The Huatzen, or in layman’s terms – a punk chicken

Early breakfast of fresh fruit and with EVERY meal – fried bananas. Also hot porridge which you drink from a mug – consisting of quinoa, apple, oats and milk with cinnamon.

Our first night’s tropical camp

We are presented with our gumboots which we wear the next two days – wonderful to walk with in the muddy jungle. It starts to rain, but we board the boat, the kind which get used on the rivers in the Amazon, propelled by a lawn mower-type engine and a long, almost horizontal propshaft to avoid rocks in the rivers. A live chicken, still kicking, does it bit for the outing by going along in a bag for the barbeque that evening.

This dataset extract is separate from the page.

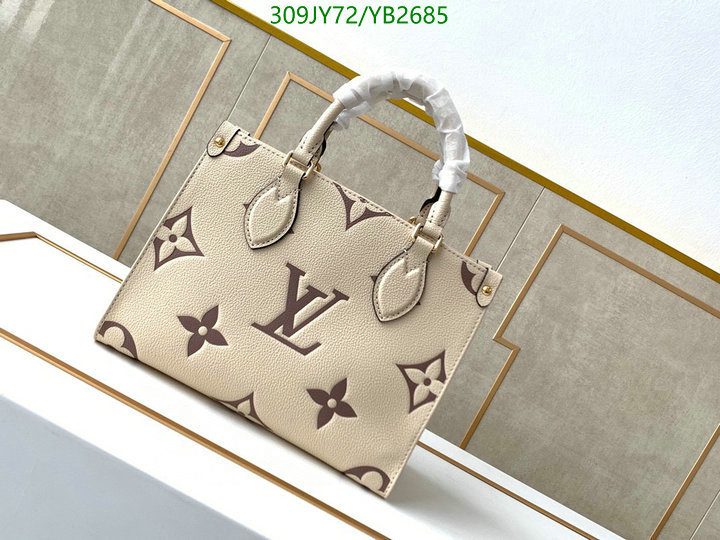 LV Bags-(Mirror)-Handbag-,Code: YB2685,$: 309USD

Our 2nd night is spent in this tree lodge

We spot monkeys and spectacular birds from the boat, after all Peru boasts with the most bird species (1800) in the world. After an hour drive on the river we arrive at the Treehouse Lodge, the trees around our bungalow are teeming with Capuchi and Squirrel monkeys and also brightly coloured Scarlet Macaws, Chestnut-fronted Macaws and the everpresent Blue-headed parrots. We watch in awe using Angel’s telescope.

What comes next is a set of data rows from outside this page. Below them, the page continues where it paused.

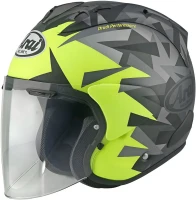 Мотошлем открытый Arai SZ-R EVO Mimesis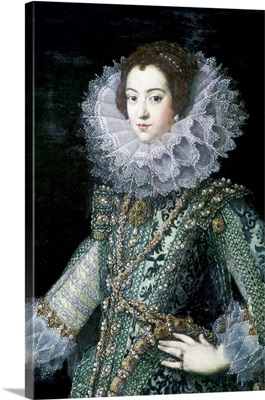 Elizabeth of Bourbon (1603-1644). Queen of Spain. Alcazar Castle, Segovia, Spain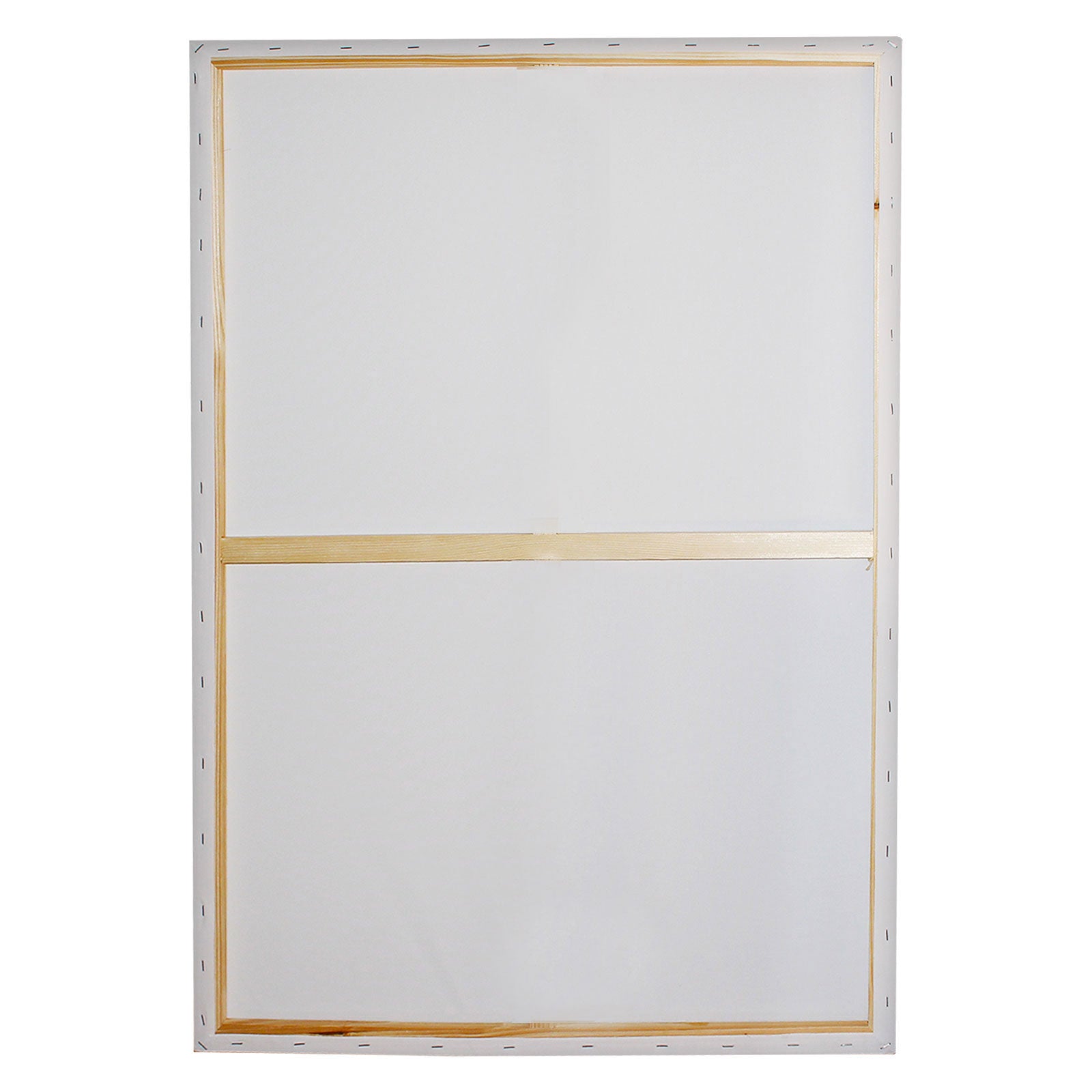 Kurtzy Pack de 3 Lienzos para Pintar en Blanco - 60 x 90 cm – Set Lienzo  Blanco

Hummingbirds are easily spotted in the gardens of the lodges – their wings beat at 60 times per second

A two hour walk in the jungle has its highlights – a White-throated Toucan and spectacular Emerald  Toucanet, to name a few as well as squirrels and huge reed rats. Angel shows us the most interesting nests of ants hanging from trees, footprints of a jaguar quite close to camp, and numerous signs of insects or animals living in the jungle. His knowledge of the jungle where he was raised, is phenomenal.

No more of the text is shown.